Here are some other thoughts about the book, unrelated to the book’s description:
—-I liked how Goldingay phrased things. Personally, I tend to recoil from Christian exclusivism, the idea that everyone needs to convert to Christianity to avoid going to hell. Goldingay managed to phrase exclusivist or potentially exclusivist concepts in an appealing manner, however. Rather than saying that non-Christian religions are wrong, Goldingay says that the Bible is clear that there are things that non-Christians need to know. Regarding Jesus’ statement that he is the way, truth, and life (John 14:6), Goldingay states that “Dying is his way to the Father, and his dying is the only way they will get there” (page 547). Goldingay seems to express agnosticism about the eternal destiny of adherents to other religions, but he effectively conveyed that Jesus’ death was necessary to provide people a way to the Father.
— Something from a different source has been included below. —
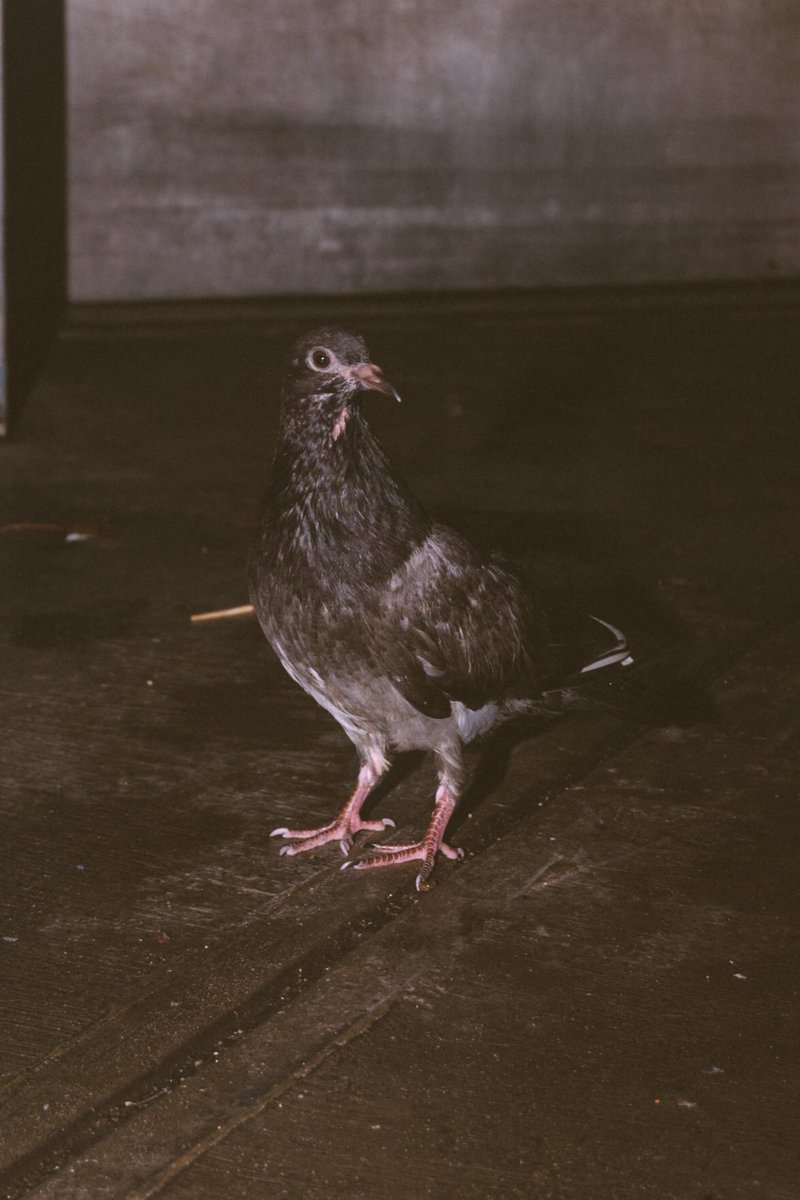 had a photo shoot with a pigeon just now, stay tuned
—-Goldingay’s discussions of communitarianism stood out to me. Goldingay, with some empathy, noted the individualism of Western culture, while saying that people are still part of a community, whether or not they desire or recognize that. Later, Goldingay contrasts the early Christian church with the voluntary societies of its ancient context: according to Goldingay, the church was intentionally organized to be like a family, not a voluntary society that people can join and leave as they wish; that discussion was unnerving, yet informative. In a few places, Goldingay seems to say that relationships in church should take precedence over natural family relationships. That last concept rubs me the wrong way. Not only does it sound rather cultish, but it also strikes me as unrealistic in the Western world, where people are rather individualistic. If I ran into financial trouble, for example, I would expect my family to be more helpful than any church! Still, the sentiment that the church is a family, one that should take precedence over natural family connections, does appear consistent with certain passages of Scripture (Matthew 12:46-50).
—-The prose of the book is accessible, yet reading the book required focus and concentration. I did not want to miss any gems, and there were many! As a result, reading this book could be time consuming and even exhausting. Still, it was worth the effort, on a spiritual and an intellectual level.
I received a complimentary copy of this book from the publisher. My review is honest!